Analyzing Java “Garbage First Garbage Collection” (G1GC) Logs

Garbage Collection can take a big toll on any Java application, so it’s important to understand its behavior and impact. After a JVM upgrade of Knewton’s Cassandra database, we needed a tool to compare the performance and impact of different garbage collection strategies, but  we couldn’t find an existing tool that would parse gc logs and analyze them.

This post explains the process followed and discusses some results that we believe may be useful while evaluating Java garbage collection strategies.
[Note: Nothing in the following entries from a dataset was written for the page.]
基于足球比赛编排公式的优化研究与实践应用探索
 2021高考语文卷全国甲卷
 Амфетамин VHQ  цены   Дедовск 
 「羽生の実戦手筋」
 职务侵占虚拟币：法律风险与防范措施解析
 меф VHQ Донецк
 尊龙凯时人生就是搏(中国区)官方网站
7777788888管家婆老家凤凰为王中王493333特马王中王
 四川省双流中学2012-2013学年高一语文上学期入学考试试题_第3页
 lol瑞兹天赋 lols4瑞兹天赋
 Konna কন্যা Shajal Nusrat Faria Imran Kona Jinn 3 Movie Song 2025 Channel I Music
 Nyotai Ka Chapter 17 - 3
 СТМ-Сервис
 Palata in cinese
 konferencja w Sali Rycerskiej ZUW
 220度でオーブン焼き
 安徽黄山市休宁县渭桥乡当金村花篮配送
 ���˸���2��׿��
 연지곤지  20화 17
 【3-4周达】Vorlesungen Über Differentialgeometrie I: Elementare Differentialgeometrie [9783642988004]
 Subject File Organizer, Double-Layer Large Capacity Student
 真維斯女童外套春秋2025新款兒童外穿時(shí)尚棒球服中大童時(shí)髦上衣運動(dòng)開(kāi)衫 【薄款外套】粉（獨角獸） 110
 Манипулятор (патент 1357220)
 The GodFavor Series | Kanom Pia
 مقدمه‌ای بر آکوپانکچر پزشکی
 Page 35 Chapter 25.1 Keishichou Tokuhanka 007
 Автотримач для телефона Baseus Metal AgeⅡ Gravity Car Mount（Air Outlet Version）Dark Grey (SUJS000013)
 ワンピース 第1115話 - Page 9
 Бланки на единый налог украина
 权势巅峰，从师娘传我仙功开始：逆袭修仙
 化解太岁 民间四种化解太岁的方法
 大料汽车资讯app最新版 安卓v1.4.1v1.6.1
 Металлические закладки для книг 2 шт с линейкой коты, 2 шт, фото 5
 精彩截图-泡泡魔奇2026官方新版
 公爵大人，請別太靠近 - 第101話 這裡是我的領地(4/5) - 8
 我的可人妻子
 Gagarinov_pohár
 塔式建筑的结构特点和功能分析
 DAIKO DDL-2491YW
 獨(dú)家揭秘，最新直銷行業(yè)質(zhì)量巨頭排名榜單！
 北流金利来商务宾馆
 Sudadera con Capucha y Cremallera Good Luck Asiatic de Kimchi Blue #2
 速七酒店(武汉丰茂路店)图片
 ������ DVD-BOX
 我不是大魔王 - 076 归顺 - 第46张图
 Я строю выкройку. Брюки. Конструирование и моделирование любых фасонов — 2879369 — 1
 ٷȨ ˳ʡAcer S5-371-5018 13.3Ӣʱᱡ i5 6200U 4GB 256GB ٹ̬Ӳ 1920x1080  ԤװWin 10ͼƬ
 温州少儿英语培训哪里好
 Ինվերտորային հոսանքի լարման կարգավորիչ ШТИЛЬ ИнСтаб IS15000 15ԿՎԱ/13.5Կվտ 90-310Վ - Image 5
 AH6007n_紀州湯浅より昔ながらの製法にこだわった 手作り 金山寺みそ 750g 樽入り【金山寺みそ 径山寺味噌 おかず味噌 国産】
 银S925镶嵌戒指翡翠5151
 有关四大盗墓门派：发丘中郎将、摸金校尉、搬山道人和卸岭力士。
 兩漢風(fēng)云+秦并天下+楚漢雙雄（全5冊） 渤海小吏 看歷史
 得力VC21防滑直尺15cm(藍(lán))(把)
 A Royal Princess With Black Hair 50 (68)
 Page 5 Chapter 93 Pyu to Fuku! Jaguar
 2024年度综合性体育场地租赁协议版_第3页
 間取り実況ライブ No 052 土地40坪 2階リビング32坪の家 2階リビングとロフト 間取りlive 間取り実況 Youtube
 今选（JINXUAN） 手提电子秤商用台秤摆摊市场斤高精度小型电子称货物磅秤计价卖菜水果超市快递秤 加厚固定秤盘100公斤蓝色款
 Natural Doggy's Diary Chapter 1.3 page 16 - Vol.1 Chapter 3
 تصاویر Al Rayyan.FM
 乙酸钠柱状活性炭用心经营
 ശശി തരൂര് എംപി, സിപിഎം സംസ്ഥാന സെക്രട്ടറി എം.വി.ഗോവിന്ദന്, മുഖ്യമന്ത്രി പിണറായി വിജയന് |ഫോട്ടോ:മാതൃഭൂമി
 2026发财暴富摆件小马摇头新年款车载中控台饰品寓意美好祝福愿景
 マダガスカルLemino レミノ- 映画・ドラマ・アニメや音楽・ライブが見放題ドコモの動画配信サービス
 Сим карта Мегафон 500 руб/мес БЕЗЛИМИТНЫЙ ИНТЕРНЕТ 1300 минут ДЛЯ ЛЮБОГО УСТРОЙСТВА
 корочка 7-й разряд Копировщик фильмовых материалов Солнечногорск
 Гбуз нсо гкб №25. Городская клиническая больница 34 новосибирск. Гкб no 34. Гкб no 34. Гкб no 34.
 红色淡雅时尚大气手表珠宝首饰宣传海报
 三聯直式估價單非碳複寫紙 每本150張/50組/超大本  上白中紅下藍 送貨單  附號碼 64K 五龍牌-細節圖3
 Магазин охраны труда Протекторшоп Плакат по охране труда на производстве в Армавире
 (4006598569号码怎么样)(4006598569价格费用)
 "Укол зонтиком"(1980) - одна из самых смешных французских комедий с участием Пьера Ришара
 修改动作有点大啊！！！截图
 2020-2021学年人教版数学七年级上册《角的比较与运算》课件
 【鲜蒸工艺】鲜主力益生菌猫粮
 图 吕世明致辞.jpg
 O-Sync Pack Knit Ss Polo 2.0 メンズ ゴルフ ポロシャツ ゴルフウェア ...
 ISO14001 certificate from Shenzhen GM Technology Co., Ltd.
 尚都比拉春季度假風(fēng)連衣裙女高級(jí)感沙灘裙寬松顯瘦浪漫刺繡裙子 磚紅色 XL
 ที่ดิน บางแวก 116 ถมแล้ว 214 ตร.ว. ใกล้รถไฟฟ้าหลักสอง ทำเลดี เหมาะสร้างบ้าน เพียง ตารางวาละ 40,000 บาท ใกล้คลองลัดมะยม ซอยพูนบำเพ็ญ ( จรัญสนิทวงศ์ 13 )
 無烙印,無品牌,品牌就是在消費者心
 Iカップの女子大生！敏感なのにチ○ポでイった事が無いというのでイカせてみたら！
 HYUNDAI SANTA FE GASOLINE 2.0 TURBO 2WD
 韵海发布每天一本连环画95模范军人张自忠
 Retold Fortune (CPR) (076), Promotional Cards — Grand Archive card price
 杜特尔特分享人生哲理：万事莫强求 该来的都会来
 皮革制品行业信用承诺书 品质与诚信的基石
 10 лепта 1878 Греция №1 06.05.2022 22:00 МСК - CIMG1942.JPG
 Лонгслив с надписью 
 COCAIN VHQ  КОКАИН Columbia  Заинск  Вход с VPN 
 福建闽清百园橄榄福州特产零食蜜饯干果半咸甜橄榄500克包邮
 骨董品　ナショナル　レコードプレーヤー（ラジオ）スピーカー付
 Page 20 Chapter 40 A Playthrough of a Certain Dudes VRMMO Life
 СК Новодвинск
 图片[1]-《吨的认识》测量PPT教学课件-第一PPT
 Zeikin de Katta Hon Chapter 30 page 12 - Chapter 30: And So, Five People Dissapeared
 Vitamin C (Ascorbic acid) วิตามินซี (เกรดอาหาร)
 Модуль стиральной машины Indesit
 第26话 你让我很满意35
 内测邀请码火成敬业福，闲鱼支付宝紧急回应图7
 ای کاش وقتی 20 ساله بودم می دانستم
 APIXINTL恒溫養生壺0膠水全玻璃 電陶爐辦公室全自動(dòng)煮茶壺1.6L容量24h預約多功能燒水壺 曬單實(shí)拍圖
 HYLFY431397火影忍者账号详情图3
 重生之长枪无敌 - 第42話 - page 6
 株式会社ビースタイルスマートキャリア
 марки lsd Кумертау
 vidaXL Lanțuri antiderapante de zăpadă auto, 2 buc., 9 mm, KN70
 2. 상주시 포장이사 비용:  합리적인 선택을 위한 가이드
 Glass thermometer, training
Evolution of Garbage Collection on Java

One of the biggest challenges for any programming language is the way that it will allocate memory while executing a task. Garbage collection is the action to regain sectors of memory that are no longer in use. These mechanisms are usually evaluated in three dimensions that are known as the three legs of the performance stool: latency, throughput, and footprint. In real life, there is always a tradeoff, and if all the stars align, you can optimize for two of the three dimensions.

carlos-blog-1

Source: Explorations of the three legged performance stool

Over the course of its history, Java has handled garbage collection in different ways. The early JDK (before 1.4) had a single thread to sweep memory to find out which areas were in use and which ones could be reclaimed.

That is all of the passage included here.